### [Activity]
Among the records that follow, find the line with "Bright room with" and the line with "Black snow pants". Set down those lines and all lines between them exactly, without adding anything.

### [Exercise input]

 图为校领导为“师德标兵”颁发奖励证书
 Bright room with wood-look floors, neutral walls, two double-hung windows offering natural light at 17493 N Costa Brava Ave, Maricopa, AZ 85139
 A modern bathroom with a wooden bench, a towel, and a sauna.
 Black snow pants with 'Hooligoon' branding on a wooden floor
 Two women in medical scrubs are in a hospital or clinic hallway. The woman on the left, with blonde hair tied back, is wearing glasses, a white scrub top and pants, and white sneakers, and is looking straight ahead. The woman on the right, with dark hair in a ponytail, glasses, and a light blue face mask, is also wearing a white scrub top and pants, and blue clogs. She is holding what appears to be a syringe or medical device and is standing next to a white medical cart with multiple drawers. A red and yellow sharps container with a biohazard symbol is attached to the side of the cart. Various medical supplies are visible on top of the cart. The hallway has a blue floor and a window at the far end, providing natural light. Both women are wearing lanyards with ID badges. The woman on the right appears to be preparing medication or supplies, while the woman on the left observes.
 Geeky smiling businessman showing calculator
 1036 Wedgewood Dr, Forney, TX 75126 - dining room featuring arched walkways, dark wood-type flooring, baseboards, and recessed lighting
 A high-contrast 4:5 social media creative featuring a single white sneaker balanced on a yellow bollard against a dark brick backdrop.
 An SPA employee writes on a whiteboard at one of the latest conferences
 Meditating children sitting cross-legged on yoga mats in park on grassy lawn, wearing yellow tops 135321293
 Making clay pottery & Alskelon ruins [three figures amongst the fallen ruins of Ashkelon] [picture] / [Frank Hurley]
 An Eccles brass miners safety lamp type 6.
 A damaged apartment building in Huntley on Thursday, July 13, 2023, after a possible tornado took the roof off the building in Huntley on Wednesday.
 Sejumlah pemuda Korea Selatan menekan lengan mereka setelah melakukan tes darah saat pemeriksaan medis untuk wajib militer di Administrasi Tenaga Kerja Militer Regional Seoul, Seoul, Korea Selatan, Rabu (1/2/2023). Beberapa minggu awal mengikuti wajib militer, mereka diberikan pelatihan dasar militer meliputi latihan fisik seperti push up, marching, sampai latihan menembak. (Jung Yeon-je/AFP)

### [Output below]
 Bright room with wood-look floors, neutral walls, two double-hung windows offering natural light at 17493 N Costa Brava Ave, Maricopa, AZ 85139
 A modern bathroom with a wooden bench, a towel, and a sauna.
 Black snow pants with 'Hooligoon' branding on a wooden floor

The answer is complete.